Pekan Budaya Tionghoa Yogyakarta, kali ini telah
menginjak untuk yang ketujuh kalinya. Acara tahunan yang pada tahun ini diadakan
mulai tanggal 2 Februari hingga 6 Februari 2012. Acara yang megah, dengan
berbagai atraksi pertunjukan, dari kebudayaan saudara saudara kita etnis
Tionghoa.
Kali ini lokasi sentral adalah kampung pecinan (China Town)
Ketandan, Yogyakarta, namun masyarakat telah mulai menyemut sejak dari Taman
Parkir Abu Bakar Ali, Malioboro, hingga titik nol kilometer Yogyakarta.
Pekan Budaya Tionghoa Yogyakarta, telah menjadi milik
masyarakat. Semua warga negara Indonesia, berhak untuk mengakui bahwa budaya
tionghoa ini adalah juga bagian dari budaya nusantara, sebagai salah satu ujud
dari kebhinekaan Yogyakarta. Masyarakat maupun peserta acara ini, tak hanya
terbatas dari lingkungan Yogyakarta, bahkan hingga Semarang, Salatiga,
Magelang, Temanggung, bahkan Sukanbumi.
pembukaan PBTY VII |
Acara yang di buka secara resmi
oleh Sri Sultan Hamengkubuwono X ini, kali ini menyuguhkan sesuatu yang lebih
dari pelaksanaan tahun tahun sebelumnya, dimana jika tahun tahun sebelumnya,
acara ini menampilkan hanya 20% dari kebudayaan Tionghoa, maka kali ini
kebudayaan Tionghhoa akan di munculkan hingga 50%. Bayangkan!!!
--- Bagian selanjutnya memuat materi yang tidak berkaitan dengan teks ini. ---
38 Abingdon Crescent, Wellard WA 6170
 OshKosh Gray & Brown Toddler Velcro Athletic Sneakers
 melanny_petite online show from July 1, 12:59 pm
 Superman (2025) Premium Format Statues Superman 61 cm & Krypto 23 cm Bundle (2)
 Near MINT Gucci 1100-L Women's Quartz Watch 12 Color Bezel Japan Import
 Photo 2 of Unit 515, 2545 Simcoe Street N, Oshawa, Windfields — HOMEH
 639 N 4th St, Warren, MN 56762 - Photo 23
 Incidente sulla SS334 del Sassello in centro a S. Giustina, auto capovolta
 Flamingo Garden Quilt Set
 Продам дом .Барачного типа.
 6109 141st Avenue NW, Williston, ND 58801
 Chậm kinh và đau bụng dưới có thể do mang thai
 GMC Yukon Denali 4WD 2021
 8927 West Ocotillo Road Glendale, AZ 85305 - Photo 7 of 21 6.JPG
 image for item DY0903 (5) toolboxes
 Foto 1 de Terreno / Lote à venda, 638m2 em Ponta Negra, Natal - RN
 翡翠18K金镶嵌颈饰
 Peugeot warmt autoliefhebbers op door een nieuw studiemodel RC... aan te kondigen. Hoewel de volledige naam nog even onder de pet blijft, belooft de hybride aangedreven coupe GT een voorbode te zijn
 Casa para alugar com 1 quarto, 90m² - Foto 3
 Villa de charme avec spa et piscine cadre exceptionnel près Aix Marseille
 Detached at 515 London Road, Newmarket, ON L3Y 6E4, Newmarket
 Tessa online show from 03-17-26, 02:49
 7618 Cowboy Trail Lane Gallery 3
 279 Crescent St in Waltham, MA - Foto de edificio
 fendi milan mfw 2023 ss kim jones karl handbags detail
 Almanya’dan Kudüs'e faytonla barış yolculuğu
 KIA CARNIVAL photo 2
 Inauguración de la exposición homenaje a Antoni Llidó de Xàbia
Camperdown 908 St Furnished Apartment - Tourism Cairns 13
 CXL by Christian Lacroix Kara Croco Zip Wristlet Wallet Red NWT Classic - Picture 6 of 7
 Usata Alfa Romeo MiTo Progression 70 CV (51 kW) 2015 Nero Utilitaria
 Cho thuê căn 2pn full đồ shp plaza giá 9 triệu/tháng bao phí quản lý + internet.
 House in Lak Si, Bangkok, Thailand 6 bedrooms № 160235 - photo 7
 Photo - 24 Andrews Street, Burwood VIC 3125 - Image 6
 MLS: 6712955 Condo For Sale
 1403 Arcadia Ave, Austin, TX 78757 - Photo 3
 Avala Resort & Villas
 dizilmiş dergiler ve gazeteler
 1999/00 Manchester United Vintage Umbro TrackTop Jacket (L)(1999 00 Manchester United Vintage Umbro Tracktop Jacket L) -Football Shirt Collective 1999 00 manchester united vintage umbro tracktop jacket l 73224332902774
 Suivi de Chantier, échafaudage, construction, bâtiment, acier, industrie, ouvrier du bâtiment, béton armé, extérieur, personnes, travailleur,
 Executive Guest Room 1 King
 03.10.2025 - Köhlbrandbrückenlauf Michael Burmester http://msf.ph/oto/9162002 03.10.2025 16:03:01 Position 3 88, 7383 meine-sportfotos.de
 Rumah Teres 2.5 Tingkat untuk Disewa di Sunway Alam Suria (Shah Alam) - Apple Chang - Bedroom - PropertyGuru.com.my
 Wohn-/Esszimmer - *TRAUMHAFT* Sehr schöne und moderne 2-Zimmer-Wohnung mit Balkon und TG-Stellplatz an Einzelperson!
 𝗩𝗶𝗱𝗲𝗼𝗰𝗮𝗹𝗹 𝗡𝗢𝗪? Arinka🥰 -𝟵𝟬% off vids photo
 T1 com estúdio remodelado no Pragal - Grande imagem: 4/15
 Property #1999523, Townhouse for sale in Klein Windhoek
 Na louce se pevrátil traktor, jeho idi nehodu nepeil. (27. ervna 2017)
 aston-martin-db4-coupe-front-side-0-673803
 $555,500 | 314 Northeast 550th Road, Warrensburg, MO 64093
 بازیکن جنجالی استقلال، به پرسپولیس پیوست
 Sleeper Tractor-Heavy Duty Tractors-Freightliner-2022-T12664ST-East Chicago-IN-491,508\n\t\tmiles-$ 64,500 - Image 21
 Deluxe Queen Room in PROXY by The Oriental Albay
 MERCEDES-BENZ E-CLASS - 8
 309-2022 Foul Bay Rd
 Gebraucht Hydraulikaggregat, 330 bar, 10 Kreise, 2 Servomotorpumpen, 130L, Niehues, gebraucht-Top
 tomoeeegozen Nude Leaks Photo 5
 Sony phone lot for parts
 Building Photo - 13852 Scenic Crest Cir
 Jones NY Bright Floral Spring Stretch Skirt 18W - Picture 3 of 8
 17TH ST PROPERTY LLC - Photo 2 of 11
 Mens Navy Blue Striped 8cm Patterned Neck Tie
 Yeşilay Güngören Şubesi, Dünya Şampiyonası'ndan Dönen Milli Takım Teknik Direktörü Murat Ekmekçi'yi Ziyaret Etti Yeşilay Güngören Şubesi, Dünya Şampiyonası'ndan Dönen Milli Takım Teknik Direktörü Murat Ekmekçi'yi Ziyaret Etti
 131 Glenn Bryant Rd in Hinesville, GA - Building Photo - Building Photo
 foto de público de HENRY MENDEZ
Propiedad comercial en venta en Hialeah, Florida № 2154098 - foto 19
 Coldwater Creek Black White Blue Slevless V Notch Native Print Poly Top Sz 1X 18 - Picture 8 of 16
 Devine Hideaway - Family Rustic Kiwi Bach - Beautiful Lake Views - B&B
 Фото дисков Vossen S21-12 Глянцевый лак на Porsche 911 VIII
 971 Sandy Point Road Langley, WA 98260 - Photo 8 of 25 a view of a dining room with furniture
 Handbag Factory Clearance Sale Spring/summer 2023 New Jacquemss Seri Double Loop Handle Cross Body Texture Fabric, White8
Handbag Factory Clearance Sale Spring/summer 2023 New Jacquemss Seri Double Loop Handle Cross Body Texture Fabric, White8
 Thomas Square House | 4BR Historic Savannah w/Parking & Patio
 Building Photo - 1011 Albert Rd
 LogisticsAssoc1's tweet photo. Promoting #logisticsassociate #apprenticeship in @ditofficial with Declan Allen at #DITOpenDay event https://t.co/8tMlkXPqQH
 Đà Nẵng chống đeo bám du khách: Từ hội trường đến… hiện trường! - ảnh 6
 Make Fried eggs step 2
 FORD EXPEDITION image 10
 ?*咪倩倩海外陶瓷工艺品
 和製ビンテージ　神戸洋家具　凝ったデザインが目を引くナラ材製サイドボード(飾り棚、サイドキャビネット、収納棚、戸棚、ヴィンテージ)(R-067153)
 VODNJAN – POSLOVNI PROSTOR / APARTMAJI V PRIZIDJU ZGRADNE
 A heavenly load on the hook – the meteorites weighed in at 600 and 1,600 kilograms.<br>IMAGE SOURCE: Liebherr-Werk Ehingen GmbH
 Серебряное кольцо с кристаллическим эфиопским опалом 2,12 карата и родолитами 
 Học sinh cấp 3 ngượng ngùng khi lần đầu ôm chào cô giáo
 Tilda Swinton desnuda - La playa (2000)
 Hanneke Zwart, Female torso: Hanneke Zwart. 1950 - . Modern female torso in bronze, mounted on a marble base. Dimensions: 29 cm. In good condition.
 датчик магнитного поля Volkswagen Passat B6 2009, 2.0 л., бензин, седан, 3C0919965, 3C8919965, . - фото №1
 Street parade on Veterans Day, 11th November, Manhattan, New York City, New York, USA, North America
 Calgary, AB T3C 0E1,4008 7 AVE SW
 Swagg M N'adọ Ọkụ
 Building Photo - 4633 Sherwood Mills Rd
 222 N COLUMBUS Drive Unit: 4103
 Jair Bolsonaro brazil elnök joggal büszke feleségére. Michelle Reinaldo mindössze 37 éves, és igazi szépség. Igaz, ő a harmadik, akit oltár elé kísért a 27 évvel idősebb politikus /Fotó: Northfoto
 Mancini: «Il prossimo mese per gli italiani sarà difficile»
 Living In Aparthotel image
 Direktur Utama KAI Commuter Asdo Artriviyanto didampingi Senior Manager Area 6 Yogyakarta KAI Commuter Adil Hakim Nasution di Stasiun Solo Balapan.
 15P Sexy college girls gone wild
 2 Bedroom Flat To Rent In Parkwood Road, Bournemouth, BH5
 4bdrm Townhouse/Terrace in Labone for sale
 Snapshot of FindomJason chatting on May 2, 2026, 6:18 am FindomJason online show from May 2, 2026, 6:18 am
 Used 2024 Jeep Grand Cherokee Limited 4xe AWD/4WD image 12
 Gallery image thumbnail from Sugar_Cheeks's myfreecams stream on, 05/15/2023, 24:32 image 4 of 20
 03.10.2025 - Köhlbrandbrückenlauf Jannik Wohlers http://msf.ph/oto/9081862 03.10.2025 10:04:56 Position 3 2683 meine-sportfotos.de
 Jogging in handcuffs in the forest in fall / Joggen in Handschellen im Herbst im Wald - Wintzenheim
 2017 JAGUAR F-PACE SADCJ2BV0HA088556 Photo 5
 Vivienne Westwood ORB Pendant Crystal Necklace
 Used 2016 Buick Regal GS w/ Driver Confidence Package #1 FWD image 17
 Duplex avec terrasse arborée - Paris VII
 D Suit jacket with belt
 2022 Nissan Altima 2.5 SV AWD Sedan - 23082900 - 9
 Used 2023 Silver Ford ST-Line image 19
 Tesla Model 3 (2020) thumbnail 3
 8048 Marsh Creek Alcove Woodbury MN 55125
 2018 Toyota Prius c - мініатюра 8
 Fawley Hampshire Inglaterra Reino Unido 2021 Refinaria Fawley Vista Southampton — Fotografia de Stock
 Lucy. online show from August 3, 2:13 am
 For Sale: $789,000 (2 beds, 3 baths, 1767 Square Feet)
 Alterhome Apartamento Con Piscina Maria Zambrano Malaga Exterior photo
tari TANGAN SERIBU di acara pembukaan |
carnaval sepanjang malioboro |
Hal ini sangat terasa sekali, dengan
adanya acara khusus yang belum pernah
diadakan pada pekan budaya sebelumnya, yaitu Jogja Dragon festival, atau
festival liong Yogyakarta, yang diadakan sejak dari Taman Parkir Abu Bakar Ali,
melewati sepanjang Malioboro, hingga ke titik nol kilometer Yogyakarta. Cukup
banyak peserta yang mengikuti festival
ini, bahkan sampai luar kota. Festival ini memperebutkan piala Raja Yogyakarta,
Sri Sultan Hamengkubuwono X . Maka,
dapat dipastikan bagaimana hingar bingar dan kemeriahan yang terjadi sepanjang
jalan Malioboro, satu satunya nama jalan yang hanya ada di Yogyakarta. Tak ada
satu kota pun di dunia ini, memiliki nama jalan Malioboro, selain Yogyakarta.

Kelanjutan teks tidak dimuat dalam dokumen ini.